Pendekatan mencatat nilai persediaan menurut Kieso, et al (2011: 409),  Stice, et al (2004:656), Weygant, et al (2013:269) terbagi dua  yaitu :

  • Sistem Pencatatan Persediaan Perpektual (Perpectual System)

“ A perpectual inventory system continuously track changes in the inventory account.” Dalam sistem pencatatan persediaan perpektual (sempurna) setiap perubahan kuantiti  nilai persediaan terus menerus diikuti artinya setiap terjadi penambahan (pembelian) akan menambah nilai persedian dan setiap pengurangan persediaan (penjualan) akan mengurangi nilai persediaan. Perubahan ini secara langsung mempengaruhi nilai persediaan yang dicatat dalam akun persediaan.

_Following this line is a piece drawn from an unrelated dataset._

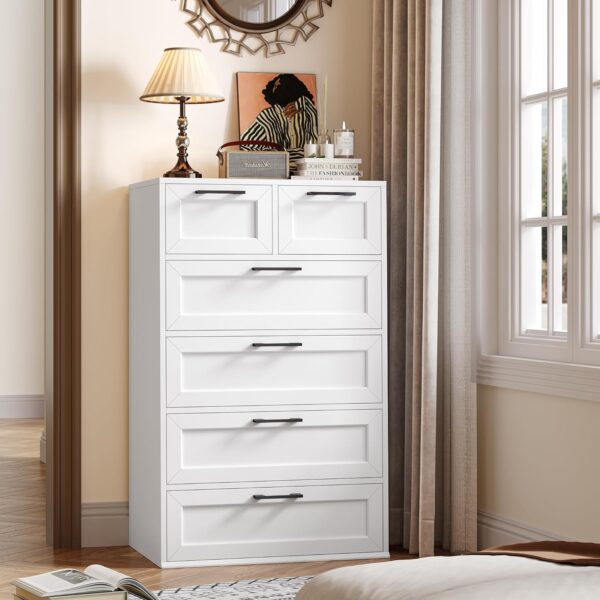 Dresser for Bedroom, White Dresser, Tall Dresser with 6 Drawers, Trapezoidal Design Chest of Drawers, Bedroom, Hallway, Entryway - Image 3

  • Sistem Pencatatan Persediaan Periodik (Periodic System)

“ Under a periodic inventory system, a company determines the quantity of inventory on hand only periodically, as the name implies.” Dengan sistem pencatatan persediaan periodik penentuan kuantiti dan nilai persediaan  dicatat secara periodik, misalnya satu bulan sekali atau satu periode akuntansi. Pada saat transaksi perolehan persediaan di debit rekening pembelian. Pada saat pengurangan persediaan karena penjualan, dikredit rekening penjualan.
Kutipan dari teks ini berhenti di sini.